Domestic team information
- 2016–2021: Gloucestershire (squad no. 21)
- First-class debut: 31 March 2016 Gloucestershire v Durham MCCU
- List A debut: 10 May 2017 Gloucestershire v Kent

Career statistics
| Competition | FC | LA | T20 |
| Matches | 38 | 16 | 8 |
| Runs scored | 1,211 | 535 | 24 |
| Batting average | 21.24 | 35.66 | 6.00 |
| 100s/50s | 1/7 | 0/5 | 0/0 |
| Top score | 116 | 92 | 14 |
| Balls bowled | 13 | – | – |
| Wickets | 0 | – | – |
| Bowling average | – | – | – |
| 5 wickets in innings | – | – | – |
| 10 wickets in match | – | – | – |
| Best bowling | – | – | – |
| Catches/stumpings | 42/– | 11/– | 1/– |
- Source: CricketArchive, 25 September 2021

= George Hankins =

English cricketer (born 1997)

George Thomas Hankins (born 4 January 1997) is an English cricketer who played for Gloucestershire until 2021.

Hankins attended Millfield School, where in his final year in 2015 he captained the first eleven and scored exactly 1,000 runs. A right-handed batsman who also bowls right-arm off breaks, he made his first-class debut for Gloucestershire against the Durham MCCU side in March 2016. He made his List A debut for Gloucestershire in the 2017 Royal London One-Day Cup on 10 May 2017. He made his Twenty20 debut for Gloucestershire in the 2017 NatWest t20 Blast on 16 July 2017.

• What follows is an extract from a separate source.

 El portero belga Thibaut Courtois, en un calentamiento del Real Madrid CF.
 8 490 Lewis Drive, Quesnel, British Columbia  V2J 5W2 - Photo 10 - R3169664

On 19 April 2020, George was arrested on suspicion of drink-driving after an accident in Cobham, Surrey where he lost control of his car and crashed into four parked cars, writing two of them off and damaging a house. He was bailed to appear in Guildford Crown Court in July 2020. An official statement by Gloucestershire County Cricket Club said that they had been made aware of the incident, were initiating a full internal investigation, but wouldn’t be commenting any further at this time as it was a police matter. He received a 22-month driving ban and a £600 fine.